Jesus insists that character matters, big time! What is in the heart will flow out. Elsewhere, he illustrates by citing good trees (internally healthy and whole) that cannot help but produce good fruit, and bad trees that produce rotten fruit (Luke 6:43-45 ). You cannot separate one part of a person from the other parts, as we commonly assume and do: Private vs. public; inside and outside. Who we are affects if not entirely determines what we do. We are driven by what’s inside. Out of the heart flow thoughts, feelings, acts, words, responses. The worst that plagues our world is incubated in human hearts. Then it flows from human hearts.
In Jesus’ sermon of the Mount, Jesus says you’re not OK if all you’ve done is lust in your heart, but haven’t had sex. No, you are an adulterer or sexual sinner before you ever commit a sinful act sexually. Jesus says you are not OK if you keep from actually striking, assaulting or killing someone. No, you’re OK only when you do not want to, when no anger hides in your heart. Character matters because who we really are flows from our hearts. What is in our hearts, will lead to acts, will express itself in words, deeds, responses. If you look at me externally you cannot know what’s in my heart. But watch what I do, listen to what I say, see how I respond under pressure, do this over time and you will see my heart and know what’s really there and what I am truly about.
Coming back now to this question: in 2016 Presidential election, does character matter? Yes, it matters. If you see someone speaking and acting in ways that are not good over time—it’s not AN ACCIDENT you are seeing. It is a revelation of who he or she is. The fruit tells much, if not all. Character matters: if you believe that he or she is dishonest, untrustworthy, disrespectful of others, self-centered or absorbed, ethno-centered, tribal, hateful, biased—whatever, it matters because out of such a heart will flow decisions and actions that are not good and are destructive.

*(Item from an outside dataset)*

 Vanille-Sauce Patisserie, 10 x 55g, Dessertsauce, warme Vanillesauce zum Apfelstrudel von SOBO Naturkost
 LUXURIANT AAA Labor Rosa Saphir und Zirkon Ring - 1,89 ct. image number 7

Which means, in the current presidential election, we have a problem. On both sides of the aisle we have a problem. In a sense, our choices and the way people think about them put us in a no win situation. Whoever is elected will have serious heart issues and will have potential to bring great woe to our nation and the world. This has always been true to some degree, but seems especially and painfully true now.
Thus, whoever is elected will have roughly half the population very upset, angry, and who knows what might happen as a result. No matter who is elected, it will likely lead to some of the same basic problems and potential disasters.

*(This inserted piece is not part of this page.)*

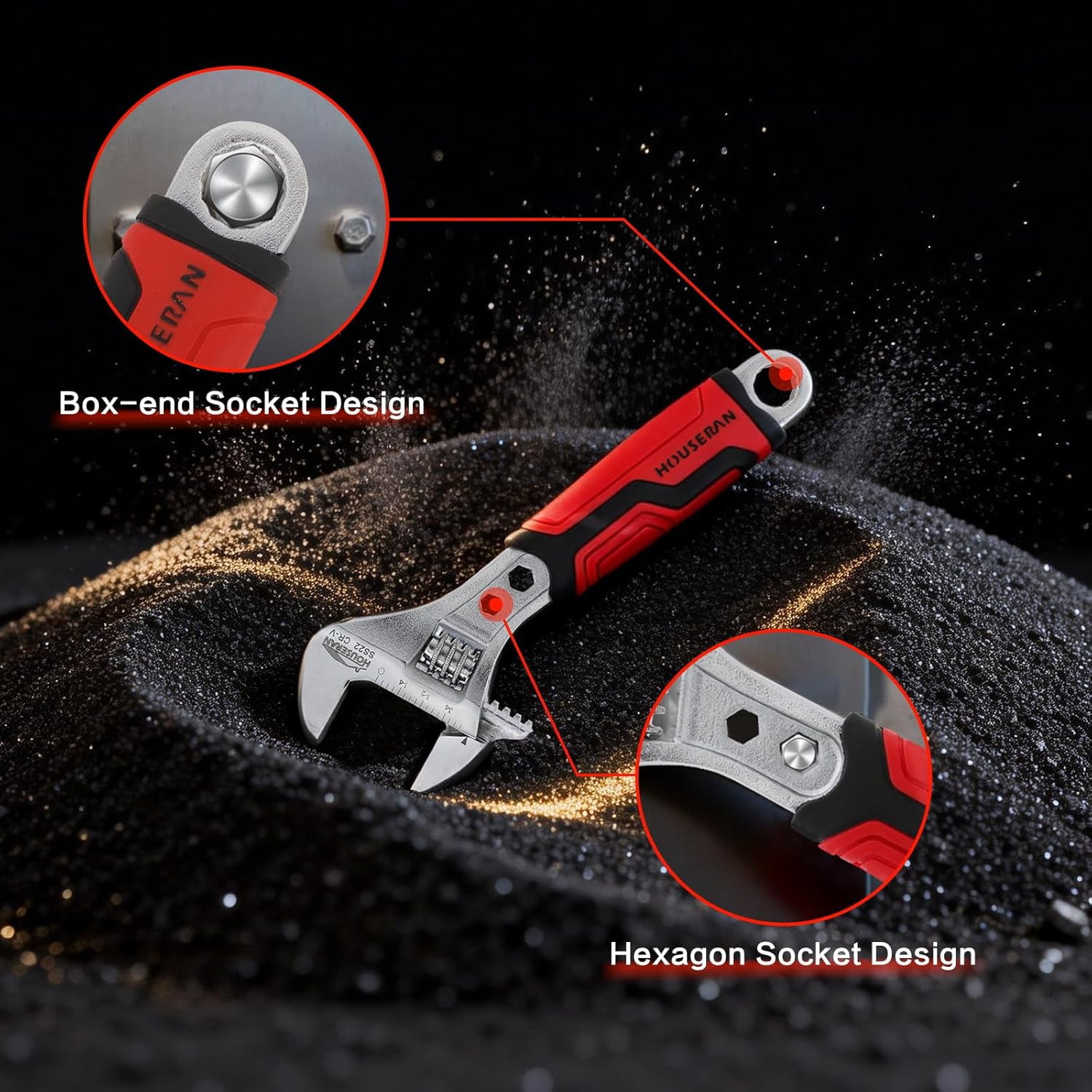 MKEUDQ-6-Inch Adjustable Wrench, Wide Jaw Adjustable Wrench with Anti-Slip Grips, Cr-V Steel Wrenchs for Home Repair, DIY, Garage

How does this help us? Well, we must vote with our eyes and heart wide open. We do our best to make the best choices we can, or make a choice that isn’t a choice as much as a protest of the choices we have. We do our best.
But whatever we do, however we vote, we cast our ballots as followers of Jesus with full trust in Jesus and in Jesus’ kingdom. We cast our ballots as persons fulfilling a calling and pursuing a mission in this world, from within the middle of this conflicted and maddening set of dynamics. And, character matters. Not just the character of candidates and supporters. But our character too! Our character matters!

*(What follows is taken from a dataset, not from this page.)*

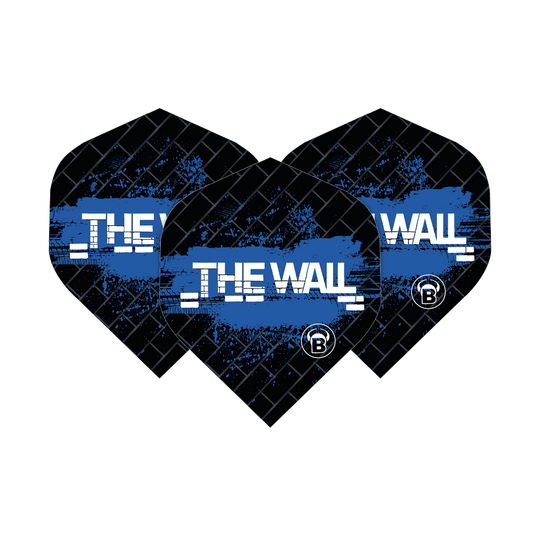 Bulls B-Star Martin Schindler Black Blue No2 Standard Flights Das Bild zeigt drei schwarze Dart-Flights mit blauen Akzenten und der Aufschrift „THE WALL“. Es handelt sich um die Bulls B-Star Martin Schindler Black Blue No2 Standard Flights.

Whoever we vote for, whoever is elected, whether we “win” or not, we will have multiple problems. If our choice wins, we have a problem because our choice will have serious heart issues that we must pray over, pray and speak against, and seek to counter-act. We who are church will have this as part of our mission.
If our choice loses, we have a problem that we will perhaps feel more. Because the one we didn’t want has become president. But we must not lose heart over this. Our prayers and constructive responses of mission and ministry will be needed all the more. Because character matters, our character. Will we be part of the problem or the solution? For those who agree with us, yes, but also for those who do not, will be part of the solution? Will we be able to witness to what is good, true, right and holy with beauty and power?
You see, I’m really talking about the Lord Jesus Christ and the church. Character matters. Who humans are meant to be and how can be seen in Jesus. How we are meant to be and act and respond is on display in the life of Jesus. Will the world, the U.S., the people who disagree with us, the people we think are wrong, will they see an alternate way in us? In how we speak, what we say, what we do, and how we do it?
The most important issues are not just the obvious political ones. We must consider our identity and mission as followers of Jesus, who are church. Will this be a season when the name of Jesus and our Triune God are seen to be great again? Will we be a people among whom others can be safe, truly safe, because we are gentle, humble, loving, hospitable? Will the world see us as the ones who truly show how to be together, to be one, though we are quite different from each other, in a way that can be good for all?
Character matters deeply. We should vote and respond as if that were all important, as if especially our own character as persons and churches were all important.